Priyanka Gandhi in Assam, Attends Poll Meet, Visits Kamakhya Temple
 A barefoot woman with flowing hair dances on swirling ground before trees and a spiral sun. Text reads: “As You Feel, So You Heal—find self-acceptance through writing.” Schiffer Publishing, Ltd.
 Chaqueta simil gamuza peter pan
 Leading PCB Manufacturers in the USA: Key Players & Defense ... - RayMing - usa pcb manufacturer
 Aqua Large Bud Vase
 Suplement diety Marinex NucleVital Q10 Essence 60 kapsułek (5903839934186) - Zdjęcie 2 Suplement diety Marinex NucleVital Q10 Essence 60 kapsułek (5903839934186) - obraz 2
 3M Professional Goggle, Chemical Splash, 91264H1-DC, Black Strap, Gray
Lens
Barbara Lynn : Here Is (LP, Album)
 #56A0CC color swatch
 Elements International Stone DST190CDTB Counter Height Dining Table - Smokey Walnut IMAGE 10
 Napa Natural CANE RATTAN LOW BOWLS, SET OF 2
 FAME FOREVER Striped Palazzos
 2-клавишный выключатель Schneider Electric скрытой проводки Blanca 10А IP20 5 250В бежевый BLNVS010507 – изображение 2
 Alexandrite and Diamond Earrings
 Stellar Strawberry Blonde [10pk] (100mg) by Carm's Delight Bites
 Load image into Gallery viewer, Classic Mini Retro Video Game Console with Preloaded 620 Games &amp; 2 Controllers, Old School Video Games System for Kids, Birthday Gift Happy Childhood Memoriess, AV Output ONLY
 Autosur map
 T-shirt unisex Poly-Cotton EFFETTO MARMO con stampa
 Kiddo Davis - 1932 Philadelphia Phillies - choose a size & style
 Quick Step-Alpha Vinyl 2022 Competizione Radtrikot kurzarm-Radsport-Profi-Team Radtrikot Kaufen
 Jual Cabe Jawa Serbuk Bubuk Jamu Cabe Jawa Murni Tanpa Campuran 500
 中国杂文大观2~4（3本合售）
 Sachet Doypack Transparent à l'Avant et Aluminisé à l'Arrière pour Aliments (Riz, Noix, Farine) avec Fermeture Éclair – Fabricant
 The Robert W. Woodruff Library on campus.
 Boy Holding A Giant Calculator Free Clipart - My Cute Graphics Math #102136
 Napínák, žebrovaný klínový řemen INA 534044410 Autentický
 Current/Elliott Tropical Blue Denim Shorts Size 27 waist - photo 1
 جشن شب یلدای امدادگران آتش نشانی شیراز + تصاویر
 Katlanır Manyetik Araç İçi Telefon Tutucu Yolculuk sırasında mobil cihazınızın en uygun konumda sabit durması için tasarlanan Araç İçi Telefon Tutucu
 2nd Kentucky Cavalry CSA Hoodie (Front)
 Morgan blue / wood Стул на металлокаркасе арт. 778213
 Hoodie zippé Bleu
☆ ☆ ☆
Look over the listing above and copy each line that contains "Hoodie".

 2nd Kentucky Cavalry CSA Hoodie (Front)
 Hoodie zippé Bleu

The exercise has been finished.